Engineering Resilience at Work: The Khumani Mine DWT Project

At Euler Structural Engineering, our passion lies in solving complex structural challenges with innovative, cost-effective, and safe engineering solutions. One such standout project was the structural reinforcement of the Dirty Water Tank (DWT) at the Khumani Parsons Mine, a vital part of the mine’s water treatment infrastructure.

Identifying the Problem: Progressive Wall Movement

The DWT had shown signs of distress as early as 2010, with measurable radial wall movements recorded relative to its foundation. These subtle shifts were monitored over time, but by 2021, significant cracking appeared on the outer surface—marking the need for immediate structural assessment and intervention.

These cracks were not just cosmetic. Survey results revealed radial deviations in the tank’s geometry, most prominent in the northeastern and southwestern quadrants—clear indicators of structural stress and internal pressure imbalances.

Root Cause Analysis: Sediment Build-up and Uneven Pressure

Upon investigation, the primary cause was revealed: fine material (solids) entering the tank, settling over time and building up at the bottom. This build-up created surcharge pressures on parts of the tank wall that were not originally designed to bear such loads.

Further compounding the problem was the asymmetrical layout of the outlet pipework. This design flaw caused localized sediment accumulation, which exerted unequal force on the walls, eventually leading to cracking and wall movement.

Exploring Feasible Solutions

Before structural reinforcement, our engineering team worked with the mine’s process engineers to explore three main potential solutions:

Preventing Fine Entry via Process Change

A proposed addition of a cyclone separator to the incoming stream aimed to stop fines from entering the tank. However, operational constraints rendered this solution unfeasible.

Mechanical Agitation (Rake System)

Considered as a way to keep solids in suspension, a rake system was assessed.
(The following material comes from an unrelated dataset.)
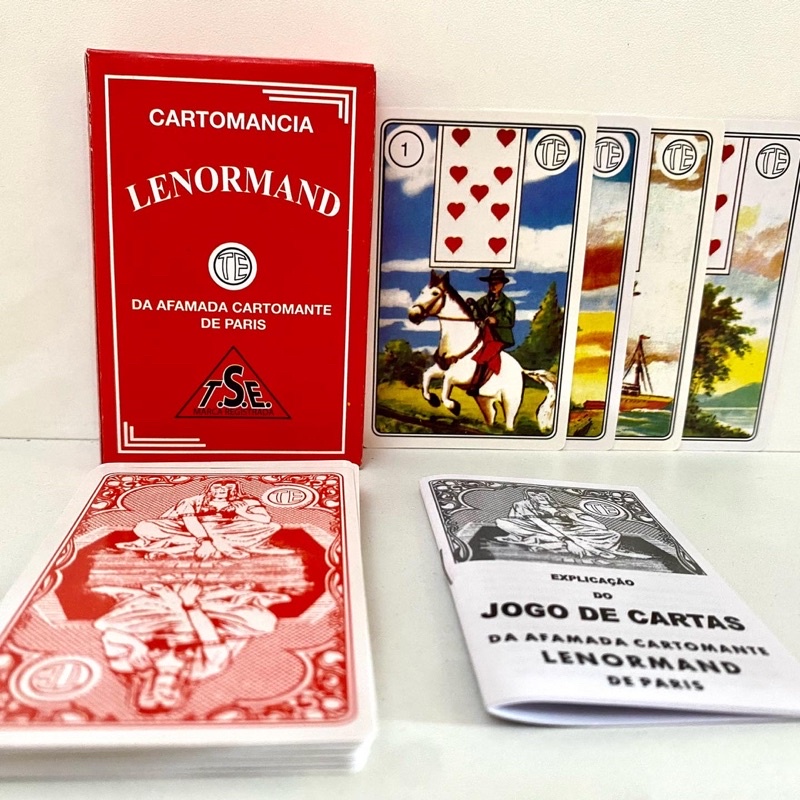 Unidades Baralho Lenormand Tarot Lenormand Cartas Shopee Brasil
Yet, with the wall already structurally compromised, further agitation risked exacerbating the issue.

Optimizing Outlet Layout

Revising the outlet pipe positions to promote more uniform settlement was explored. But due to the complexity of redesign and risk of system failure, this too was ruled out.

The Euler Solution: External Prestressed Concrete Shell

With all other routes closed, Euler Structural Engineering proposed and executed a prestressed concrete shell solution—a robust, long-term structural reinforcement system.

Key Features of the Reinforcement:

• Wrap-Around Concrete Shell: Designed to resist internal pressure from settled material.

• Optimized Shell Height: Prevented clashes with existing plant infrastructure and piping.

• Uninterrupted Operation: Construction occurred without halting the tank’s operational duties—a major win for production continuity.

• Pre-stressed Design: The shell actively counteracts internal forces, preventing further movement or cracking.

This solution not only stabilized the existing structure but also extended the lifespan of the DWT significantly.

✅ Project Outcome: A Safe, Operational Tank

Euler’s involvement ensured:

• Stabilization of the wall movements

• Enhanced structural integrity under asymmetric load

• Minimized downtime

• Long-term performance of a mission-critical asset

💬 Final Thoughts

This project highlights how modern structural engineering, when paired with a practical understanding of operational constraints, can solve even the most complex issues. At Euler Structural Engineering, we pride ourselves on designing solutions that are innovative, practical, and sustainable for the mining and industrial sectors.